Pemerintah Indonesia terhitung mulai Jumat (14/07) resmi memblokir layanan percakapan instan Telegram dengan alasan Telegram “dapat membahayakan keamanan negara karena tidak menyediakan SOP dalam penanganan kasus terorisme”, langkah yang diprotes pengguna internet.
Dalam keterangan resminya, Kemenkominfo mengatakan pihaknya telah meminta Internet Service Provider (ISP) untuk melakukan pemutusan akses (pemblokiran) terhadap sebelas Domain Name System (DNS) milik Telegram.
“Pemblokiran ini harus dilakukan karena banyak sekali kanal yang ada di layanan tersebut bermuatan propaganda radikalisme, terorisme, paham kebencian, ajakan atau cara merakit bom, cara melakukan penyerangan, disturbing images, dan lain-lain yang bertentangan dengan peraturan perundang-undangan di Indonesia,” jelas Kemenkominfo.
Mereka juga mengklaim bahwa aplikasi Telegram “dapat membahayakan keamanan negara karena tidak menyediakan SOP dalam penanganan kasus terorisme.”
“Saat ini kami juga sedang menyiapkan proses penutupan aplikasi Telegram secara menyeluruh di Indonesia apabila Telegram tidak menyiapkan Standard Operating Procedure (SOP) penanganan konten-konten yang melanggar hukum dalam aplikasi mereka,” papar Dirjen Aplikasi Informatika Semuel A. Pangerapan.

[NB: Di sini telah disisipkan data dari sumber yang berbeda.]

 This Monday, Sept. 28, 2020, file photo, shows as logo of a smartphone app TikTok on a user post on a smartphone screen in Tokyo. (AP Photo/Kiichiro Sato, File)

Sebelas DNS yang diblokir adalah t.me, telegram.me, telegram.org, core.telegram.org, desktop.telegram.org, macos.telegram.org, web.telegram.org, venus.web.telegram.org, pluto.web.telegram.org, flora.web.telegram.org, dan flora-1.web.telegram.org.
Dampak terhadap pemblokiran ini adalah tidak bisa diaksesnya layanan Telegram versi web (tidak bisa diakses melalui komputer), kata Kemenkominfo.

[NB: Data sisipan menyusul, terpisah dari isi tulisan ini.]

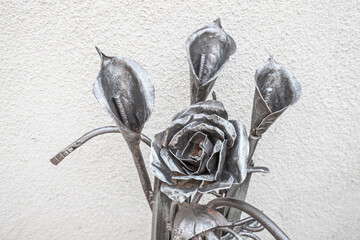 A metal bouquet of roses and calla lilies forged by a blacksmith as a decoration for the house and...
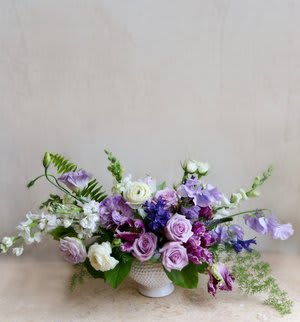 South Shore Garden - This arrangement with blooms in hues of lavender and plum is a lush treat for any occasion!  Arranged in a 6” wide white ceramic pot   Flowers pictured are representative of designer’s style, market availability and season. Due to this, the floral arrangement pictured will not always reflect the arrangement you will receive.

Tak lama setelah pemerintah Indonesia memblokir Telegram, pendiri dan CEO Telegram Pavel Durov melalui Twitter mengatakan bahwa pemblokiran ini “aneh”.

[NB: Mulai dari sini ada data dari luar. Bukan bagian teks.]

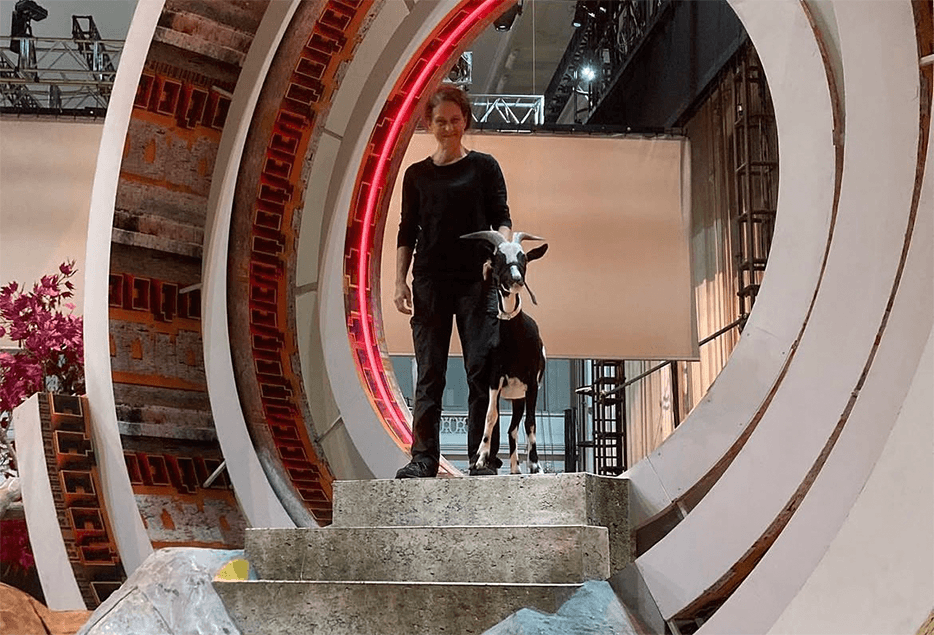 Katja Hawliczek begleitet eine Ziege w&auml;hrend eines Drehs am Filmset.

“Kami tidak pernah menerima permintaan/protes dari pemerintah Indonesia. Kami akan melakukan penyelidikan dan akan memberikan keterangan,” kata Durov.
‘Bakar lumbung padi’
Protes salah satunya disampaikan melalui situs Change.org dengan petisi “Batalkan pemblokiran aplikasi chat Telegram” yang diinisiasi Dodi IR.
Dalam keterangannya dia menulis, “memblokir Telegram dengan alasan platform itu dijadikan platform komunikasi pendukung terorisme mungkin mirip dengan membakar lumbung padi yang ada tikusnya.”
Petisi ini sudah ditandatangani lebih dari 2.000 orang dalam waktu dua jam saja.
Sejumlah laporan menyebut jaringan terorisme di Indonesia memanfaatkan internet khususnya fitur kerahasiaan Telegram untuk berkomunikasi.
Di Twitter, sejumlah pengguna juga mempertanyakan. “Telegram diblokir, salahnya apa? Aku suka Telegram. Banyak channel-channel asik di sana,” ujar @byeerda.
“Saya bukan teroris saya pakai Telegram karena sangat bermanfaat #savetelegram,” kata @malthuf86.
BBC Indonesia mencoba menghubungi Kominfo untuk keterangan lebih lanjut namun, Kepala Informasi dan Humas Kementerian Komunikasi dan Informatika, Noor Iza, enggan menjelaskan lebih lanjut dan mengatakan bahwa “keterangan resmi akan segera disampaikan.”